You are bought!
To cater to voters, “Republican presidents have been remarkably successful in timing income growth…”
Unequal Democracy debunks many myths about politics in contemporary America, using the widening gap between the rich and the poor to shed disturbing light on the workings of American democracy.
Larry Bartels – director of the Center for the Study of Democratic Politics at Princeton University – shows that increasing inequality is not simply the result of economic forces, but the product of broad-reaching policy choices in a political system dominated by partisan ideologies and the interests of the wealthy.
…elected officials respond to the views of affluent constituents but ignore the views of poor people.
…Republican presidents in particular have consistently produced much less income growth for middle-class and working-poor families than for affluent families, greatly increasing inequality.
He provides revealing case studies of key policy shifts contributing to inequality, including the massive Bush tax cuts of 2001 and 2003 and the erosion of the minimum wage.
He challenges conventional explanations for why many voters seem to vote against their own economic interests, contending that working-class voters have not been lured into the Republican camp by “values issues” like abortion and gay marriage, as commonly believed, but that Republican presidents have been remarkably successful in timing income growth.
Unequal Democracy is social science at its very best.
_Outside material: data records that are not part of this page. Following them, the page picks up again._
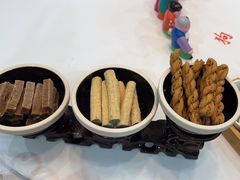 -狗不理(山东路总店)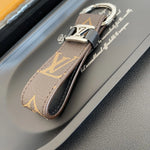 Luxury Louis Vuitton key holder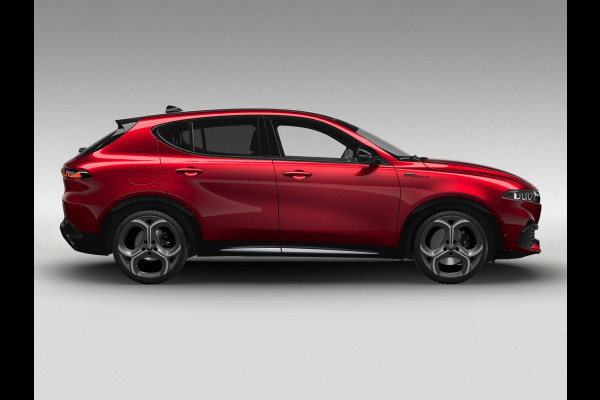 Alfa Romeo Tonale 1.3 Ibrida Plug-In Q4 270pk AWD Sport Speciale | 20" | Technology Pack | Schuif/Kanteldak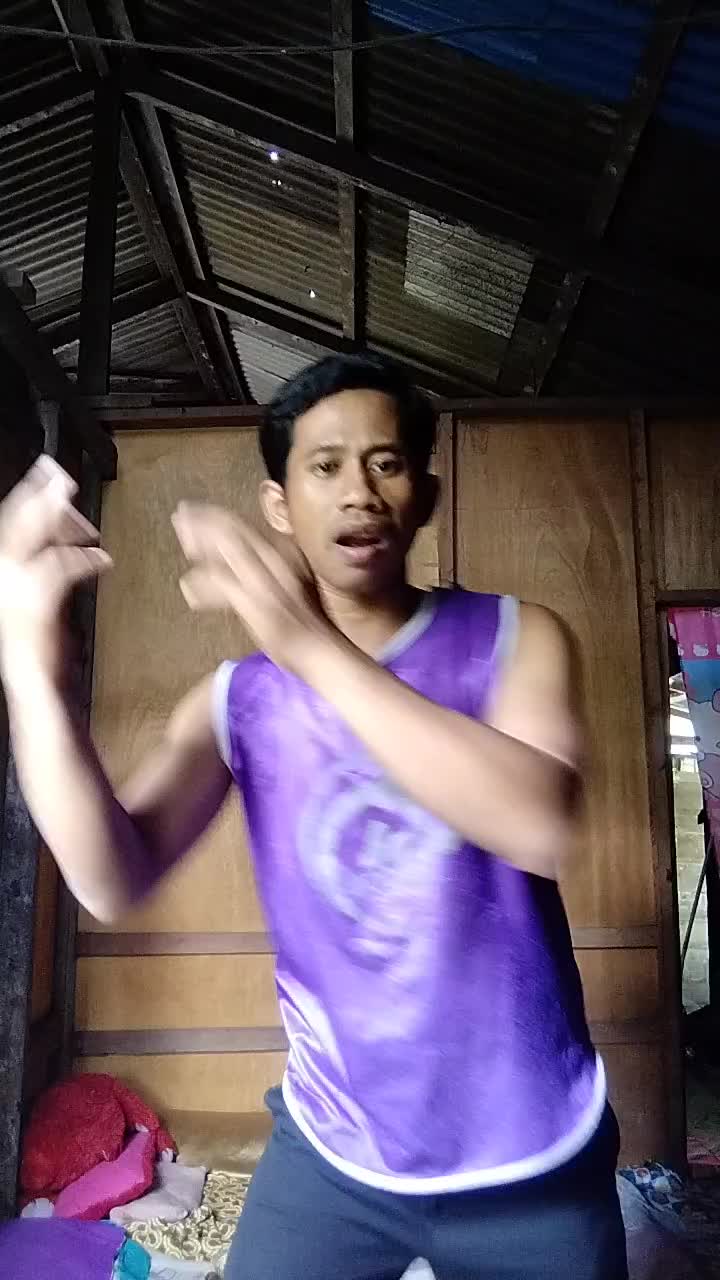 tutorial dance 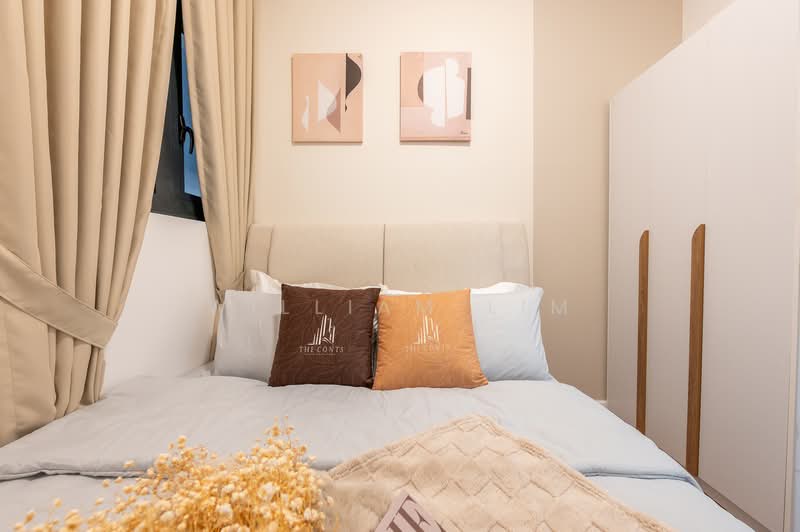 Apartment for Rent at Residensi Max - William Lim - PropertyGuru.com.my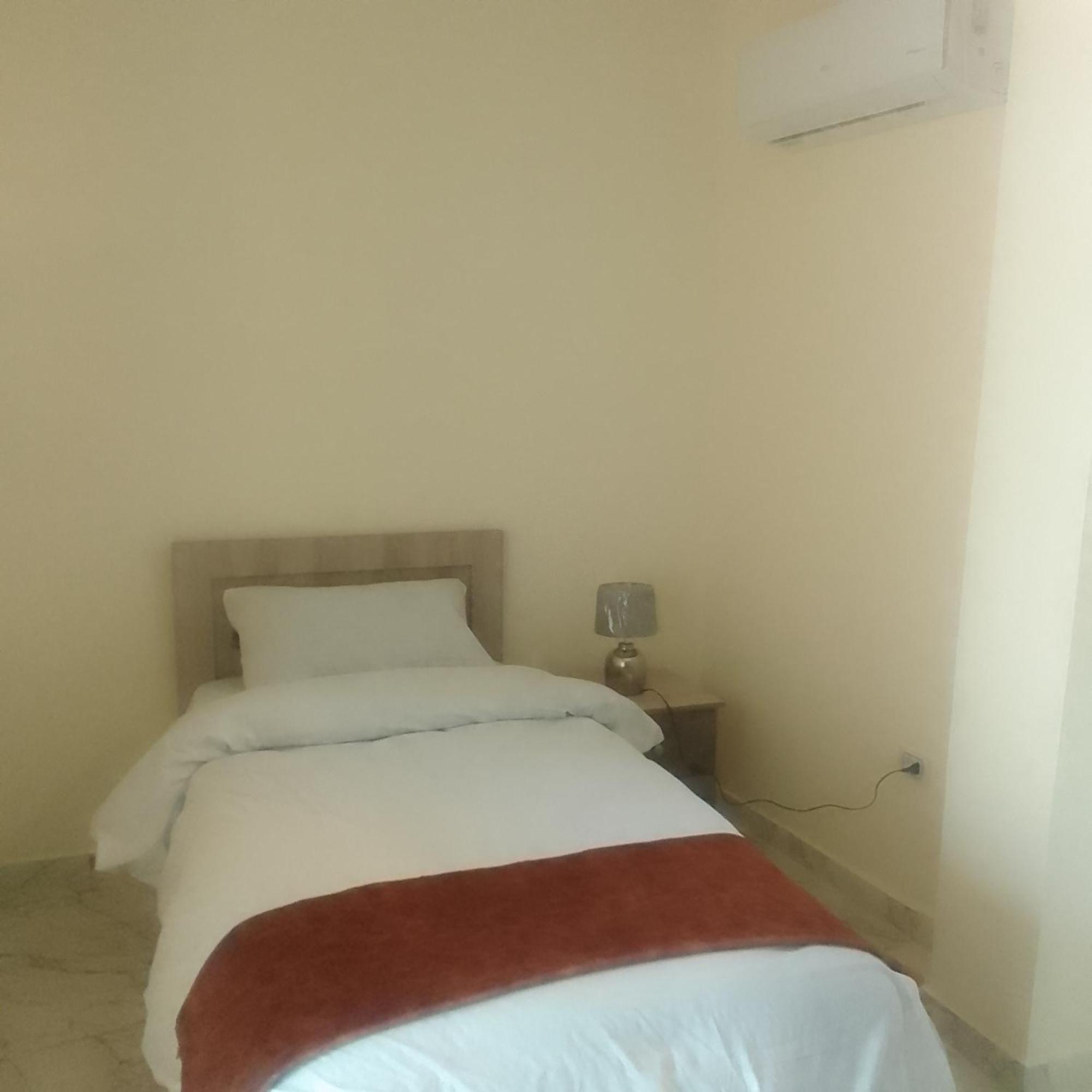 Dream House Hotel Jerash Jarash Exteriör bild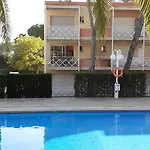 Cala Del Pi * 플라티야 다로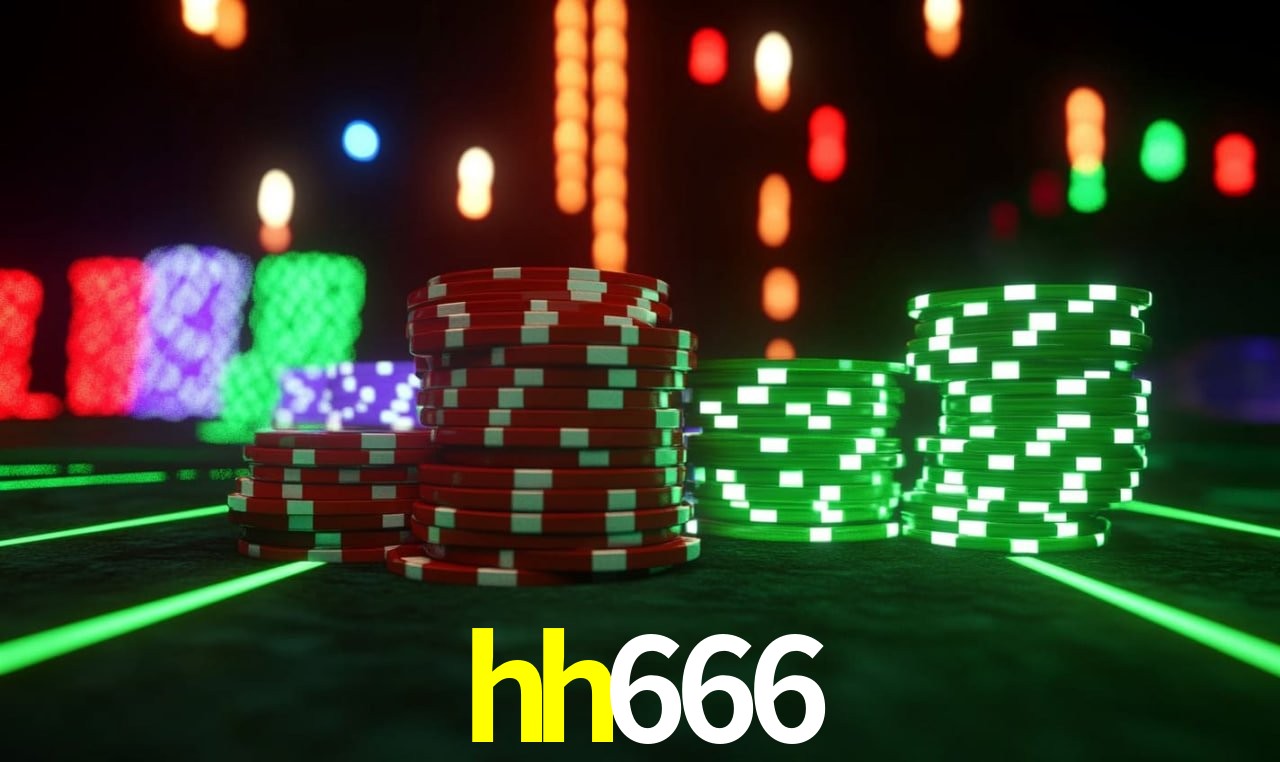 Experiência VIP hh666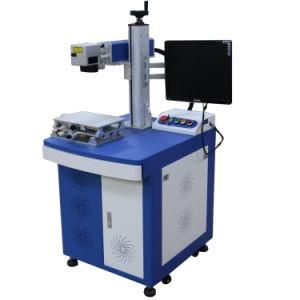 Max / Raycus / Ipg Fiber 20W 30W 50W 100W Fiber Laser Marking Machine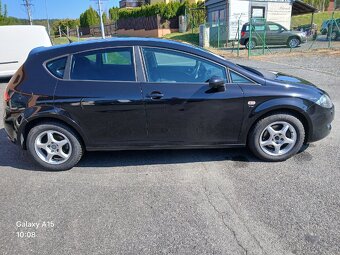 Seat Leon 1.4 TSi STYL - 3
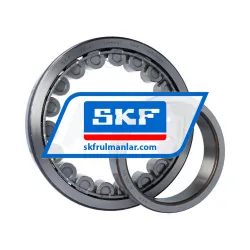 SKF NU230ECJ rulman resim 3
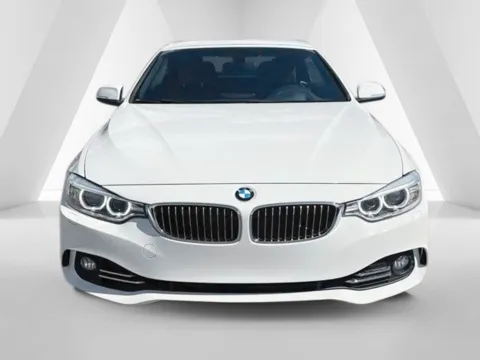 Photos of 2014 BMW 4 Series 435i for sale in Ironton, OH at Ironton Automotive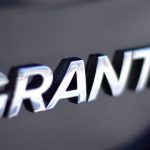 LADA Granta: Символ народной любви и практичности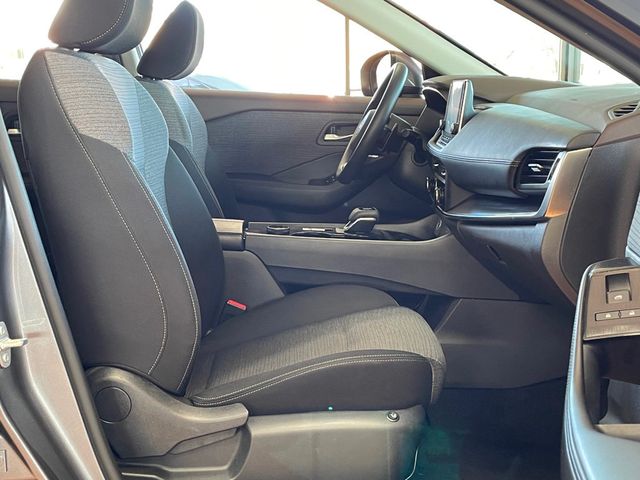 2023 Nissan Rogue AWD SV - 23009770 - 19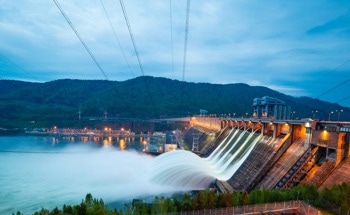 New Dam System Could Help Meet Growing Demand for Energy Storage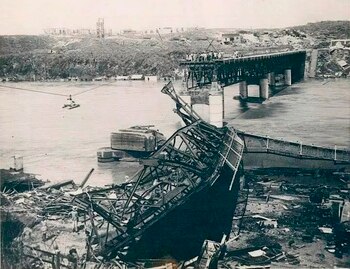 Fotografía cedida por el Archivo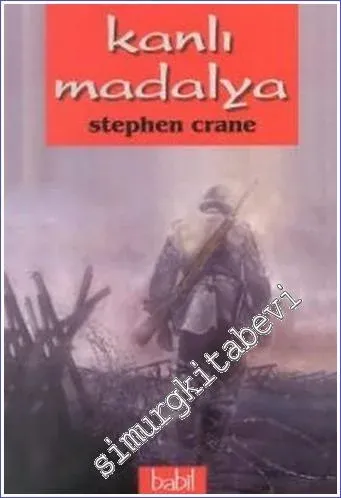 Kanlı Madalya - 2000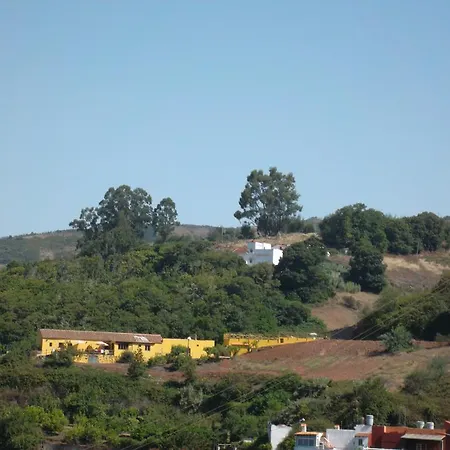 Naturacanaria * Moya (Gran Canaria)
It provides a deep and searching analysis of the political causes and consequences of America’s growing income gap, and a sobering assessment of the capacity of the American political system to live up to its democratic ideals.
Bill Clinton says read these three bailout-related books:
Michael Heller’s Gridlock Economy (about hoarding resources), David M. Smick’s The World Is Curved (why things could get much worse), and Larry M. Bartel’s Unequal Democracy (on how partisanship has hurt the poor). Especially at this time every thoughtful American needs to learn as much as possible about the relationship of politics to economics.